I am sometimes accused of moaning. I know? Fancy that. My husband says I complain too much about things and says I need to be more ‘half full’. My friend, and former boss Meribeth who is Canadian and thus I suspect born with inherent positivity starts most sentences with “you know, you gotta look at the positive..” and I really do try. And our great friends Johnny and Ana Maria who were about to arrive at Maison Blanche for New Year are great examples of ‘happy people’. Maybe they moan behind closed doors – in fact maybe they are both perpetually morose when not round at our house or entertaining us at theirs, but I doubt it. Ana Maria is Columbian and refers to everyone as ‘my darling’ or ‘amore’. Perhaps if we had one word for ‘loved one’ in english maybe we’d all be happier and more positive.
And so our gorgeous, positive friends came to stay for new year and they were the perfect guests to see our ‘almost quite nice’ house as they are fellow lovers of renovation projects AND some of the most stylish people I know when it comes to interiors. And, er relentlessly positive. They loved our newly decorated dining room. They cooed over our half finished salon with the peeling walls and no floors.
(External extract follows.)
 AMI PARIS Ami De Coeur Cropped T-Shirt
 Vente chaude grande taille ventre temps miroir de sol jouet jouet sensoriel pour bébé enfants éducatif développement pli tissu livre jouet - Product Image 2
Ana Maria played Cluedo for hours with the boys (they have two boys Thomas and Alberto who my kids have known since they were all born in houses next door to one another – not literally – it wasn’t Angela’s Ashes, we just lived next door to each other at that time!) and we even persuaded all our children to look positively on a massive walk around a frozen lake at Gavarnie
It is THIS much fun here honestly kids
And even when it rained and was cold and wet Peter managed to achieve the one thing he’d wanted to do since we got the house – host a screening of The Italian Job using his 16mm projector. I bought the projector quite cheaply on ebay as a gift for him not realising that to buy 16mm film is ferociously expensive. As a consequence, The Italian Job is the only film we have and setting it all up requires a lot of effort, so we’d never actually bothered – until now! And the boys all snuggled under a duvet in our half renovated salon while Michael Caine attempted to ‘blow the bloody doors off’ and the adults opened a bottle of champagne to see in the New Year. And even I was forced to admit that things really had turned out nice again.